**Available data:**
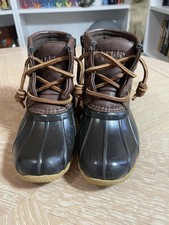Sperry Duck Boots Kids toddler small Size 8M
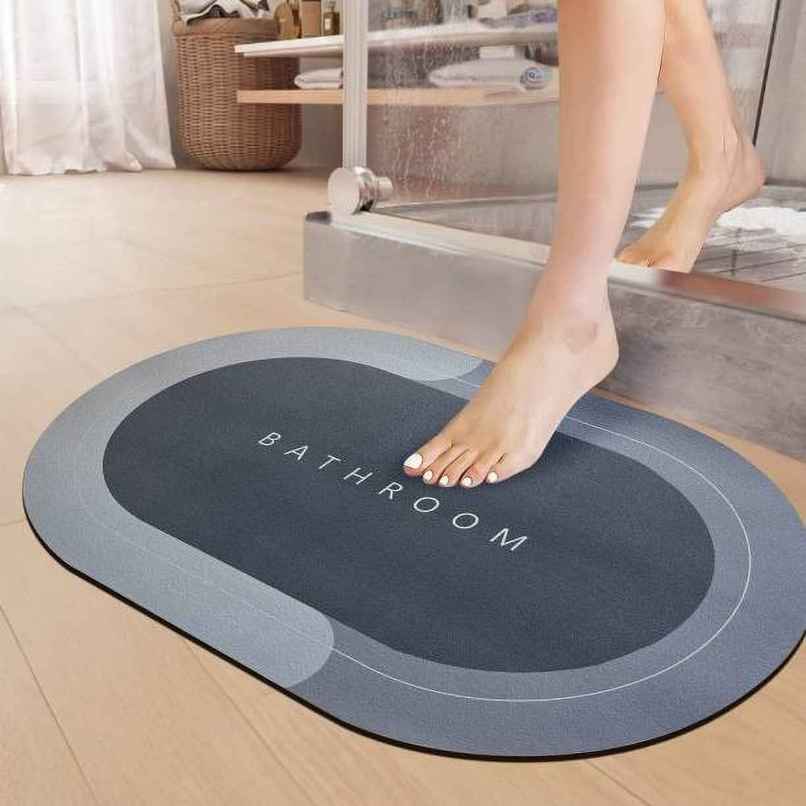 Daluci Rubber Bathroom Mat For Non-Slip Safety and Comfort|Multicolour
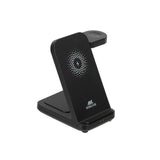Rivacase VA4916 Caricabatterie per dispositivi mobili Orologio intelligente, Auricolare, Smartphone Nero USB Carica wireless Interno
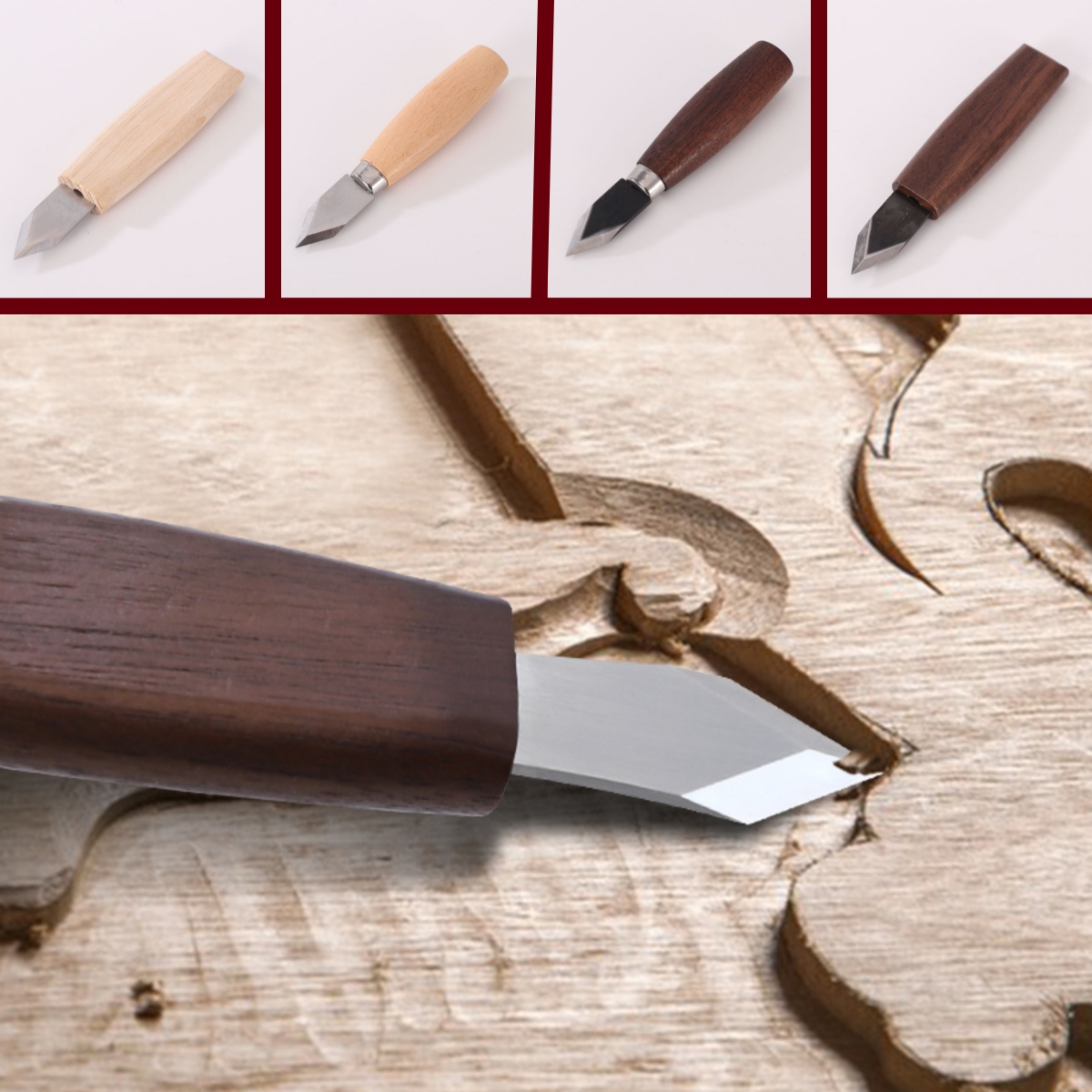 Marking Knife Steel Blade Doub - Leatherwork Knife Sheath ulasan dan harga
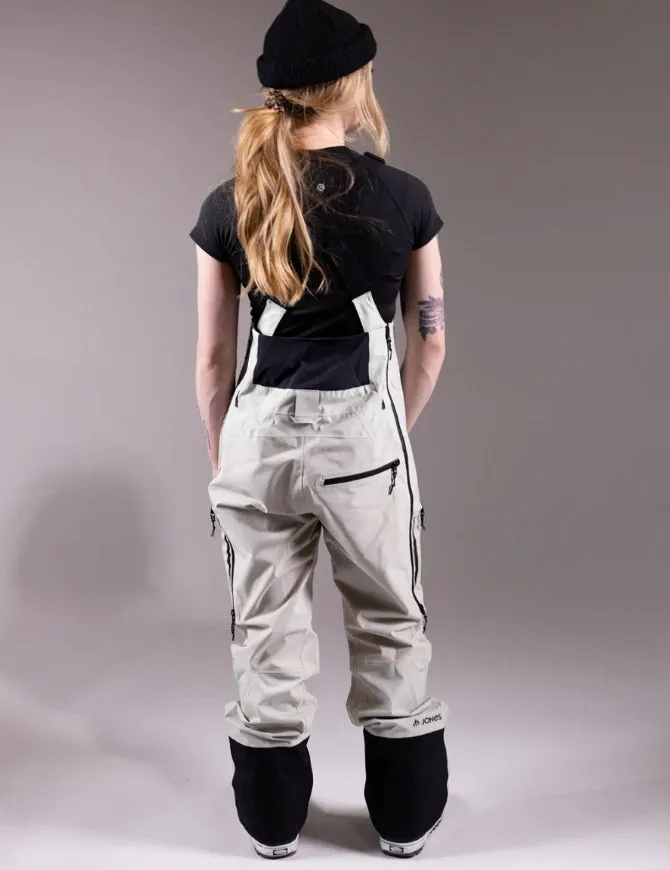 Jones Women's Mtn Surf Bib Pant 2025 | Smoke Grey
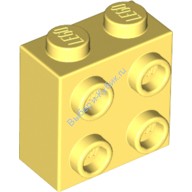 Деталь Лего Кубик Модифицированный1 x 2 x 1 2/3 С Штырьками На Стороне Цвет Ярко-Светло-Желтый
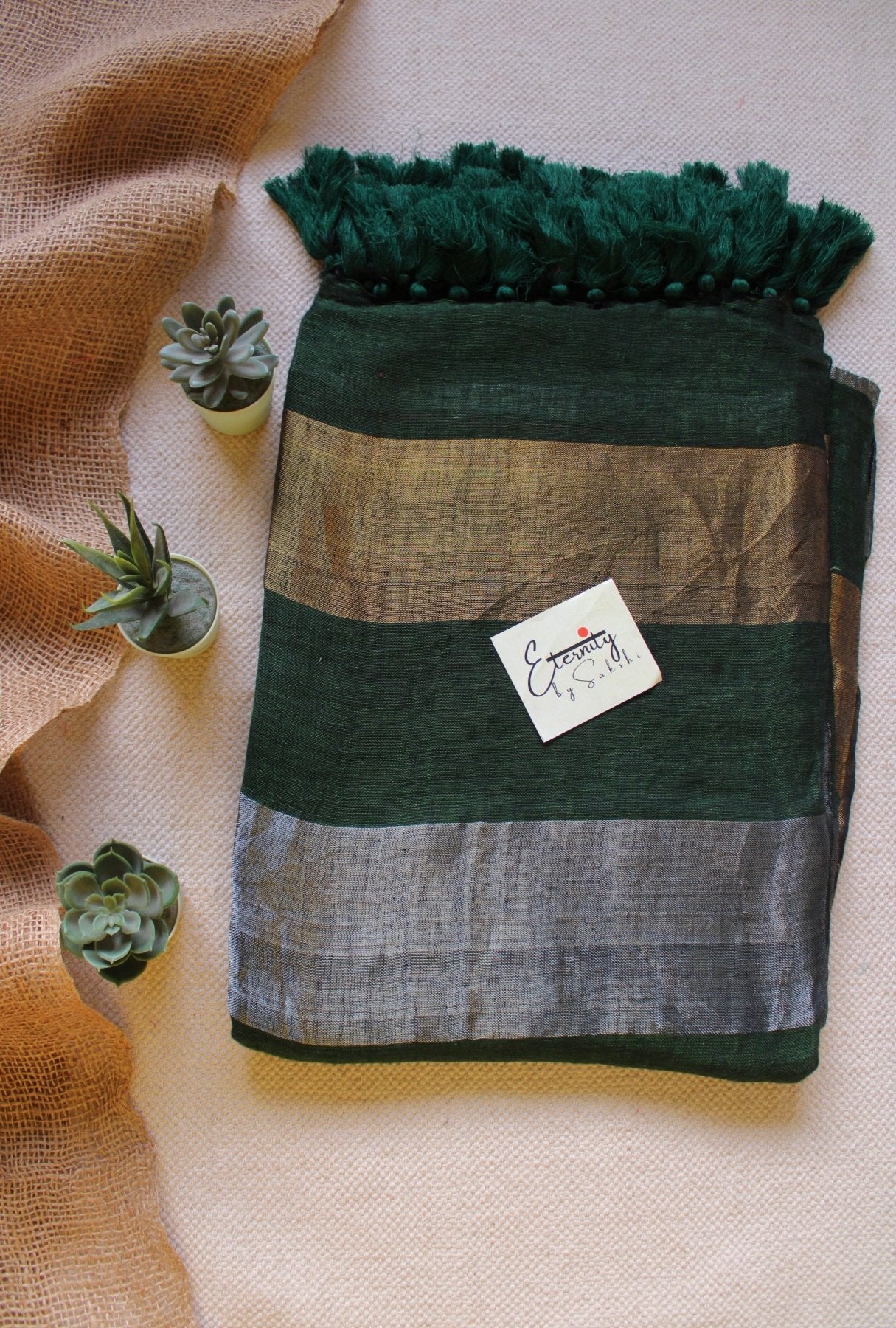 Nayana Green Saree - Eternity by Sakshi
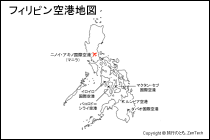 フィリピン空港地図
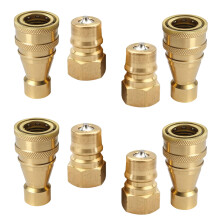Pack of 4 1/4 Foot Tall Execution Bronze Quick Separate-4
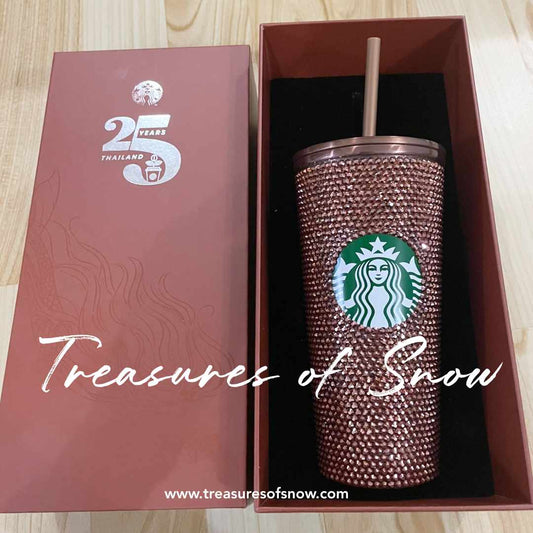 Preorder 25th Thailand Rhinestone Copper Bling Cold Cup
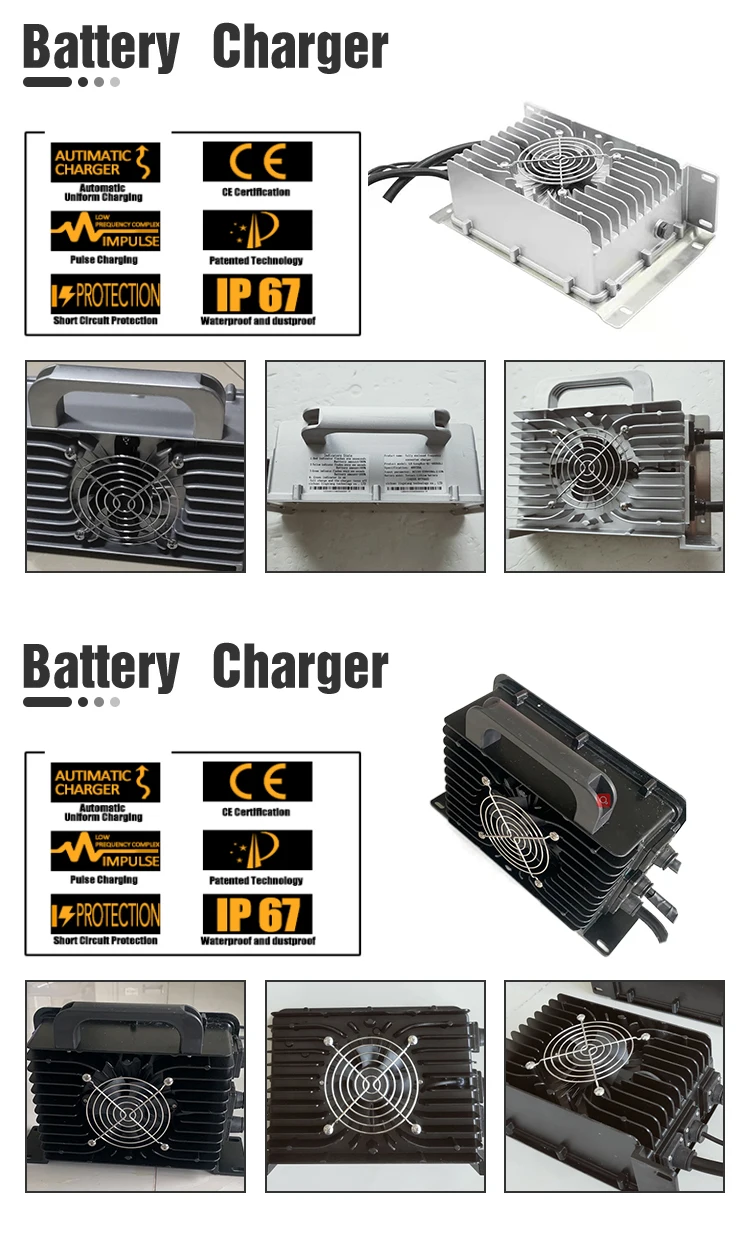 Can Bus Control 24v 36v 48v Li-ion Portable Obc Battery Charger - Buy ...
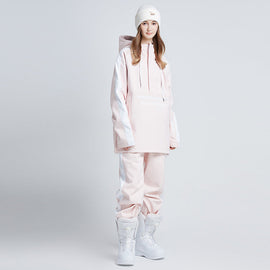 Ensemble veste et pantalon de snowboard unisexe RARWWAR Young Fashion pour femmes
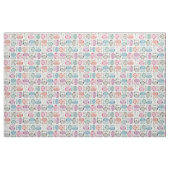 Sherbet Uilen Licht Stof (Yard (91,4 cm))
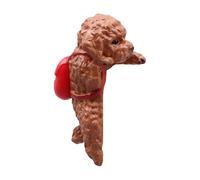 Miniature Computer Object for Indoor Use, Cute Animal Figure with Display, Creative Gadget as Car Accessory, Robust Plastic Housing, Versatile as an Eye-Catcher (Brown2, One Size)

**To do:**
Reproduce the data above exactly, but only from the line containing "Marking Knife Steel" through the line containing "Preorder 25th Thailand"; skip the pictures.

**Solution for this exercise:**
 Marking Knife Steel Blade Doub - Leatherwork Knife Sheath ulasan dan harga
 Jones Women's Mtn Surf Bib Pant 2025 | Smoke Grey
 Деталь Лего Кубик Модифицированный1 x 2 x 1 2/3 С Штырьками На Стороне Цвет Ярко-Светло-Желтый
 Nayana Green Saree - Eternity by Sakshi
 フィリピン空港地図
Pack of 4 1/4 Foot Tall Execution Bronze Quick Separate-4
 Preorder 25th Thailand Rhinestone Copper Bling Cold Cup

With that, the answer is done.